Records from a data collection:
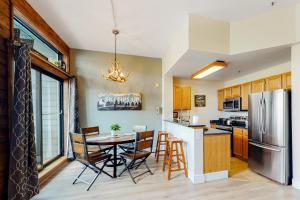 a kitchen with a table and chairs and a refrigerator at Blue River Escapade in Breckenridge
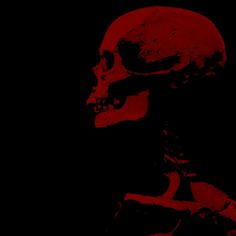 a skeleton with red paint on it's face and neck, standing in front of a black background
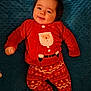 baby, child, smiling, red_clothing, santa_claus, pajamas, festive, holiday, blue_blanket, texture, lying_down, cute, indoors, portrait, infant, happy, cozy, warm_clothing, face, person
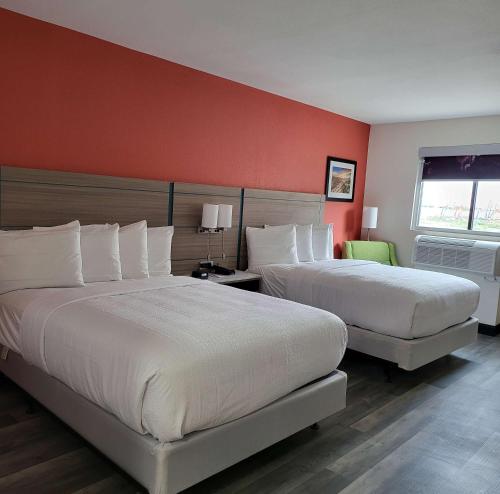 卡尔斯巴德Best Western Plus Executive Residency Carlsbad Hotel的红色墙壁的酒店客房内的两张床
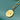 Vintage gold medallion necklace with heart motif on green jewelry box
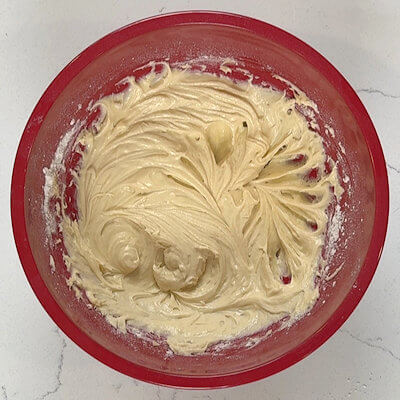 Step 3 - Mix salt with self-rising flour. Add the flour and the sour cream alternately to the batter and mix just until combined after each addition.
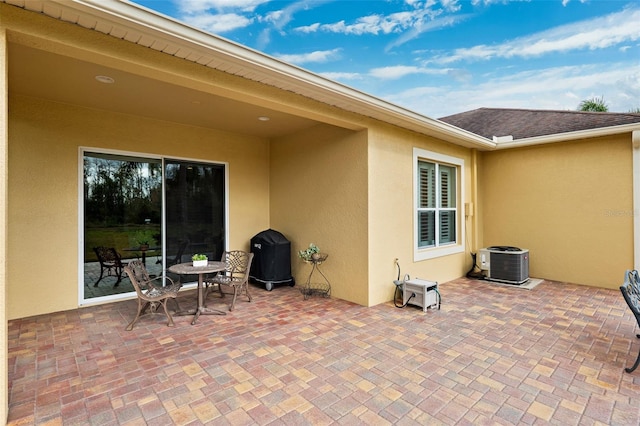 view of patio featuring central air condition unit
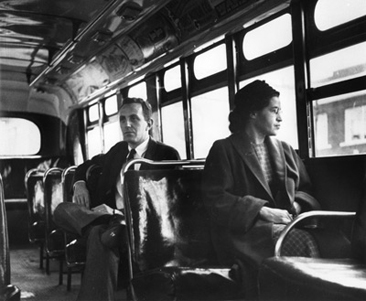 After the Supreme Court decision, Rosa Parks rides at the front of the bus.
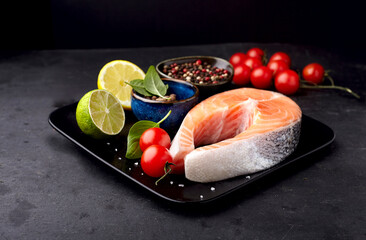 Salmon fish in the black plate with fresh  basil, citrus, tomatoes  and spices.  Steak on black background.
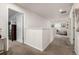 Upstairs hallway with neutral paint and carpet leads to a bedroom and sitting area filled with natural light at 21271 E Smoky Hill Rd, Centennial, CO 80015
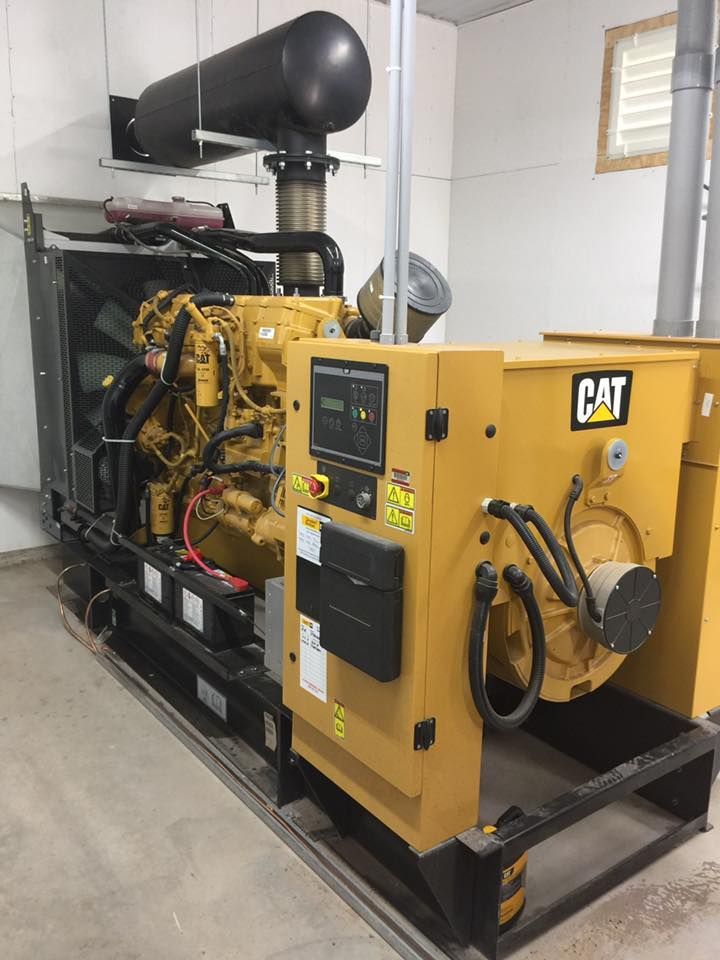 A cat diesel generator is sitting in a room.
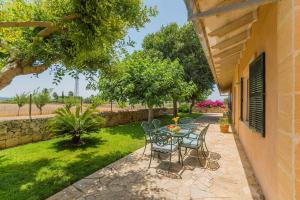 a patio with a table and chairs in a yard at Finca Amer in Sa Pobla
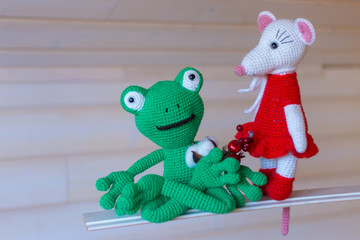 Amigurumi dolls rat and frog posing for the photographer.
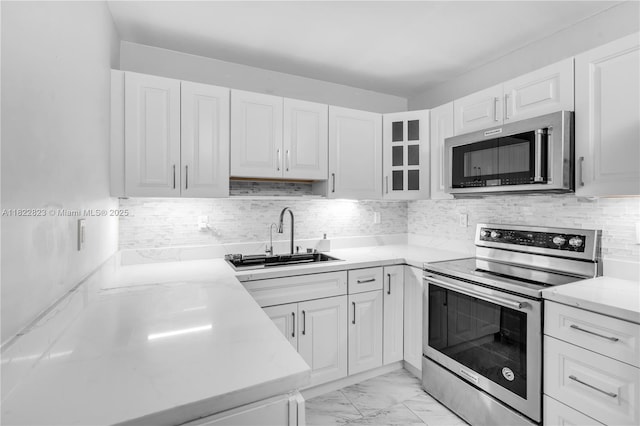 600 Three Islands Blvd Unit 310, Hallandale Beach, FL 33009 - kitchen featuring stainless steel appliances, white cabinetry, glass insert cabinets, decorative backsplash, and light marble finish flooring
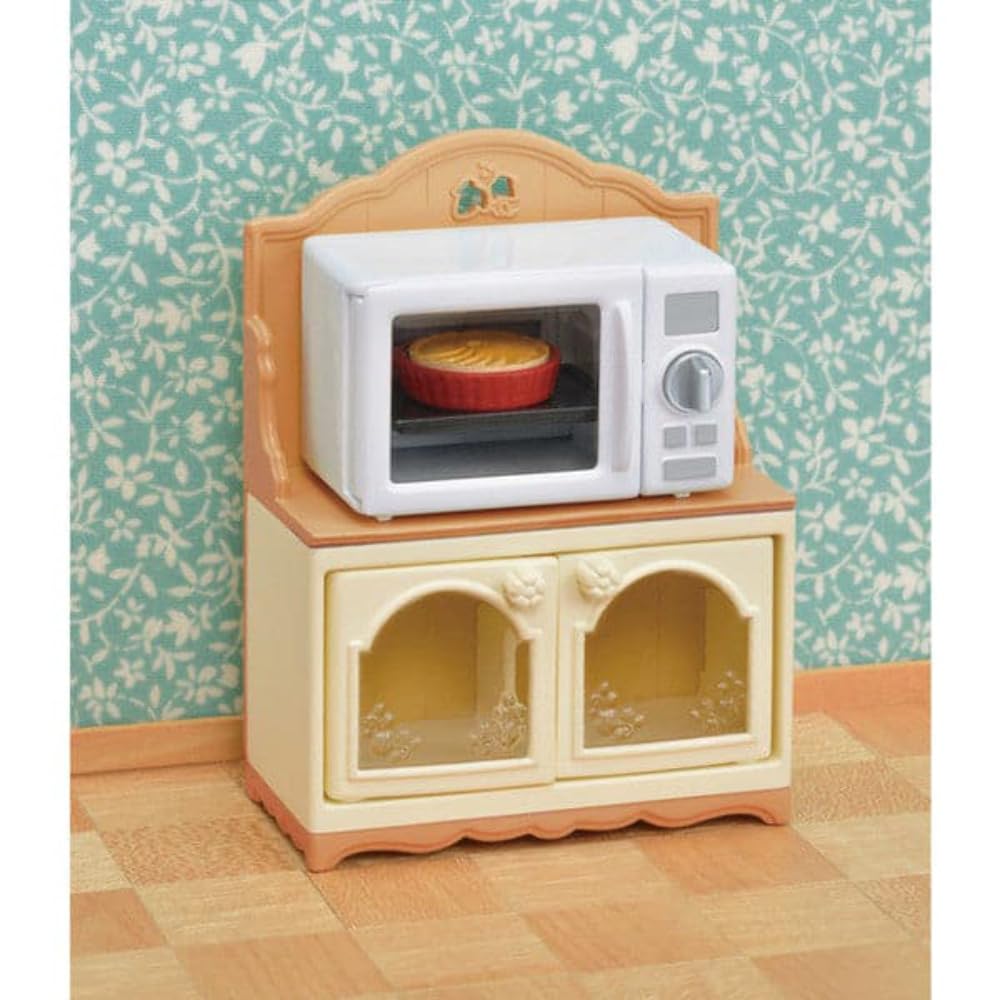 Calico Critters kitchen-detailed accessories enhance imaginative kitchen setups beside the cabinet.
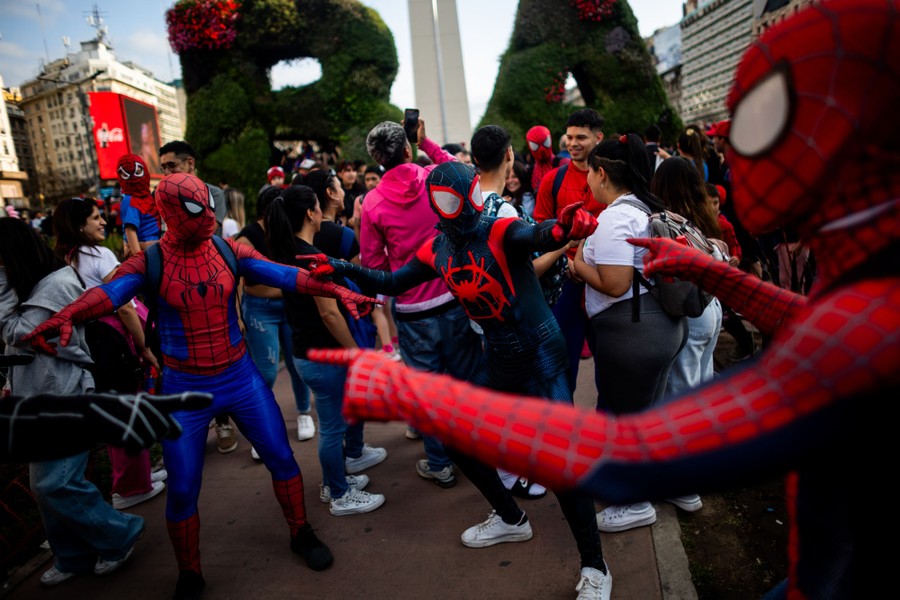 Several people in a crowd, dressed as various versions of Spider-Man, point at one another.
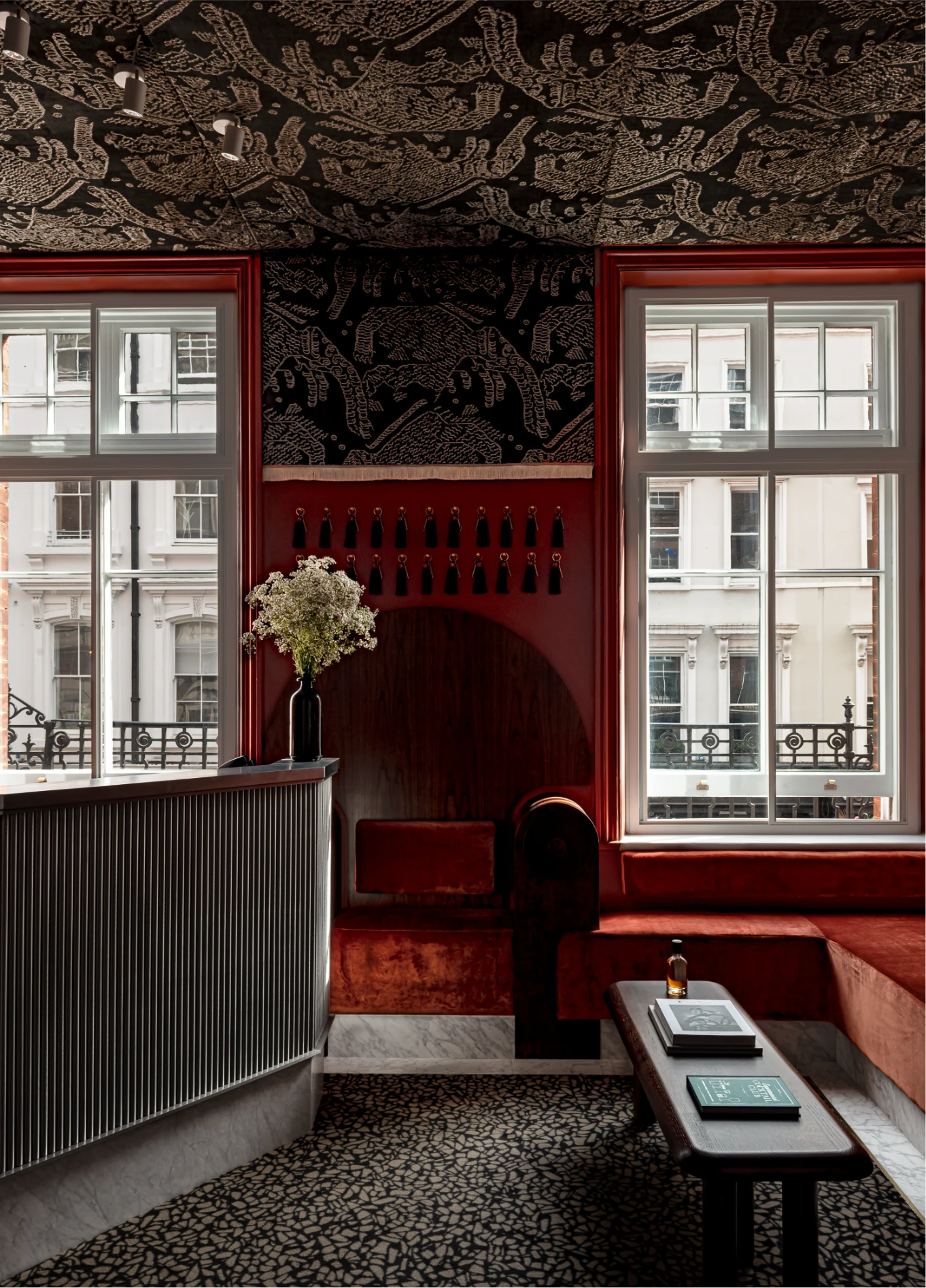 Hotel entrance with red floral decoration at Henrietta Experimental, Covent Garden, London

**Work request:**
Word for word, write out each line from the one with "A cat diesel generator is sitting in a room." through the end of the entries above, and omit any pictures.

**Answer space:**
 A cat diesel generator is sitting in a room.
 a patio with a table and chairs in a yard at Finca Amer in Sa Pobla
 Amigurumi dolls rat and frog posing for the photographer.
 600 Three Islands Blvd Unit 310, Hallandale Beach, FL 33009 - kitchen featuring stainless steel appliances, white cabinetry, glass insert cabinets, decorative backsplash, and light marble finish flooring
 Calico Critters kitchen-detailed accessories enhance imaginative kitchen setups beside the cabinet.
 Several people in a crowd, dressed as various versions of Spider-Man, point at one another.
 Hotel entrance with red floral decoration at Henrietta Experimental, Covent Garden, London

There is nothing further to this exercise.